Mekas was a Li­th­uanian poet exiled with his brother Adolfas to New York City in 1949. Lost and friendless, they had nothing to do and nowhere to go. So they went to movies, and let The Treasure of the Sierra Madre and The Bicycle Thief enrich their impoverished lives.

Mekas had always kept a diary. Now he bought a Bolex, a small, portable film camera, and filmed everything that surrounded him—fields in Central Park, abandoned buildings, rabbit shit, snowflakes.

“I may just be filming my memories,” he later said. “I don’t care.”

*

After two narrative films and nearly twenty years’ worth of private recordings, ­Mekas decided to make feature films from his home movies. By then he had immersed himself in the art world and lunched with John Lennon and Allen Ginsberg on a regular basis. He edited his footage without much attention to chronology or sequence—his diary films don’t have plots so much as moments, scenes, and happenings. They have titles like Scenes from the Life of Andy Warhol, or Scenes from Allen’s Last Three Days on Earth as a Spirit.

A typical Mekas sequence could be grainy, washed-out footage of three couples in a dark room seated around a table, upon which sits a birthday cake with lit, flickering candles. A woman eats a peach, perhaps. Children likely play nearby. The screen turns white, and we are on a beach. Water splashes against rocks, and a different woman walks across the sand in bare feet, the wind blowing through her hair. We cut to a close-up of her veiled eyes.

Title card: nothing happens in this film.

And then we’re in SoHo in winter, with snow piled so high that traffic can’t move. Skinny, limp-haired Mekas and two friends walk down the street to a bar, their hands in their pockets, their shoulders touching. We read a title card, meanwhile, in central park, and cut to people in summer drinking wine. The sound track of subway noises, Chopin, and a live recording of the Velvet Underground’s “I’ll Be Your Mirror” gives way to ­Mekas’s voice. Our accented hero says, in a haltering drawl, “I make home movies, therefore I live. I live, therefore I make home movies!”
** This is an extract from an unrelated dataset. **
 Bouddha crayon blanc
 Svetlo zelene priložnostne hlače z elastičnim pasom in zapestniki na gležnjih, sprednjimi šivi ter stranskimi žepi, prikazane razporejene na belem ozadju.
Then he plays the accordion.

*

Soon after he came to America, Mekas met filmmakers—people like Kenneth Anger, Stan Brakhage, and Maya Deren—whose movies confused him.

They played versions of themselves in fractured, symbolic landscapes. In Fireworks, Anger played a teenager being gang-raped by sailors while Roman candles went off. Brak­hage’s Desistfilm showed a group of young people at a party, his roving camera an implied party guest. Deren’s Meshes of the Afternoon was a Freudian drama about a woman preparing simultaneously for sex and for death. Meshes wasn’t about a struggle to overthrow society­—it was about Deren’s struggle with herself.

The European avant-garde wan­ted to upset the establishment. At first, Mekas loathed the self-­indulgence of the American avant-garde; later he came to adore its freedom of expression, especially once he started making avant-garde movies himself. While critics called them “underground movies,” he called them “oppositional cinema,” declaring that Hollywood, with its lack of imagination, was what was really underground.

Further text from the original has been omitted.